Pleased, when his dad got home, he said, "I know the whole truth," and his dad gave him $40 and said, "Don't tell Mom." Really pleased, he met the mailman the next day and said, "I know the whole truth." Then the mailman got down on his knee, opened his arms, and said, "Come to daddy."
I had a dream about the whole ocean being filled with orange soda.
Turns out it was a Fanta sea.
A new game the whole family can play...
Incest.
There is a lot of difference between a man and a woman saying, "I went through a whole box of tissues watching that movie."
In 2016, Americans took "Orange is the New Black" to a whole other level.

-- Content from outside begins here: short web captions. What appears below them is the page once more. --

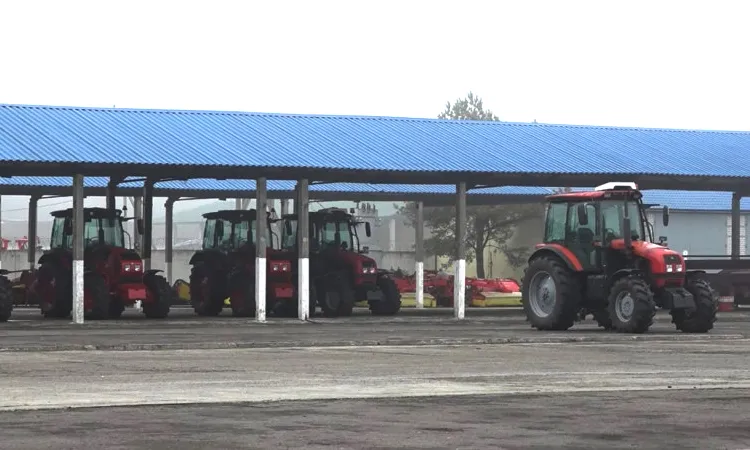 Тракторы под навесом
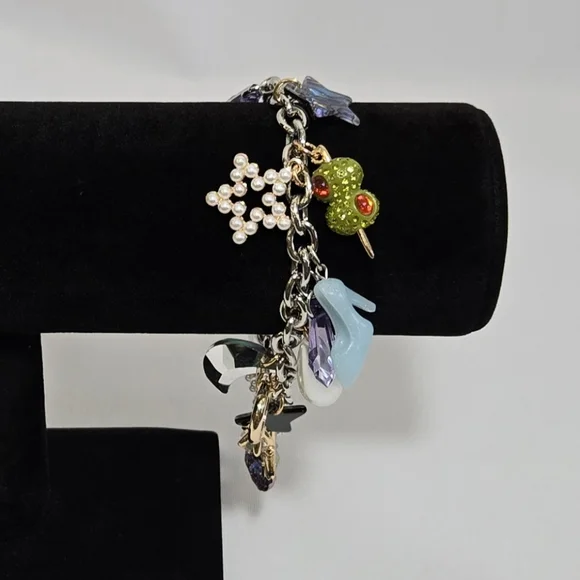 Betsey Johnson Charm Bracelet #959 - Picture 6 of 16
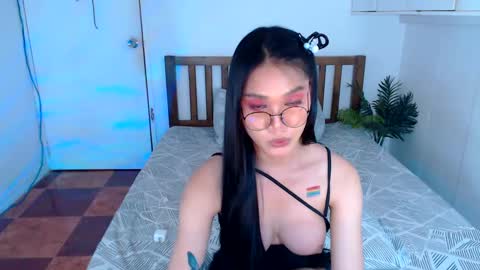 Snapshot of filipina_sassyqirl19xxx chatting on December 27, 2:22 pm sweet online show from December 27, 2:22 pm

A pedophile pulls up to little Jonny, lowers his window and asks, "hey little boy, if I give you a lolly, will you come in my car?" Little Jonny replies, "Give me the whole packet and I’ll come in your mouth."
Two gay guys, two lesbians, and two pedophiles have a race.
What is the order of finish?
1. Lesbians. Doing 69 the whole way.
2. Pedophiles. Coming in a little behind.
3. Gay guys. Still packing their shit.
How does a peadophile help a kid with maths? He adds the bed, divides the clothes, and multiplies with the whole classroom.
A pedophile was holding a bag of chocolates and then approached a little girl at the park.
"Hey little girl! If you give me a teeny-tiny kissy-kiss on the tip of my wee-wee, I'll give you a piece of my chocolate!"
The little girl replies, "If I suck your whole cock, can I have the whole bag?"
What's the difference between a good TV show and a gay man?
One makes your day and one makes your whole week.
Fatty told Skinny, "Do you have any food? My stomach is empty and I haven't eaten."
Skinny replied to Fatty, "Well, doesn't seem like you need food, you ate the whole universe instead!"
Two boys came home for dinner late, and their mother asked, "Where have you boys been?" One of them replied with, "We were all over the neighborhood, we're mailmen now." Their snobby teen sister said, "Well, you're not real mailmen, real mailmen use real letters." Then one of the boys said, "Actually, we used real letters, we found a whole box of them under your bed."
Twinkle, twinkle little star. I hope I'll get hit by a car. I am not dead yet, I hope I'll die. I hope I'll be born to a new whole life.
I rode to the bottle shop on my bike yesterday. I bought a whole bottle of wine and put it in the basket on the front of my bike.
Then I thought, if I fell off my bike on the way back home, it would smash and shatter. So I drank all the wine and threw away the bottle.
It was a good idea, because I fell off my bike about four times on the way back.
Guys, let's make this post have the most comments on the whole website.
Who needs April 1st if your whole life is already a lie?
I was at a restaurant and a waitress yelled, "Does anyone know CPR?" I said, "I know the whole alphabet." Everyone laughed and laughed, well, everyone except one.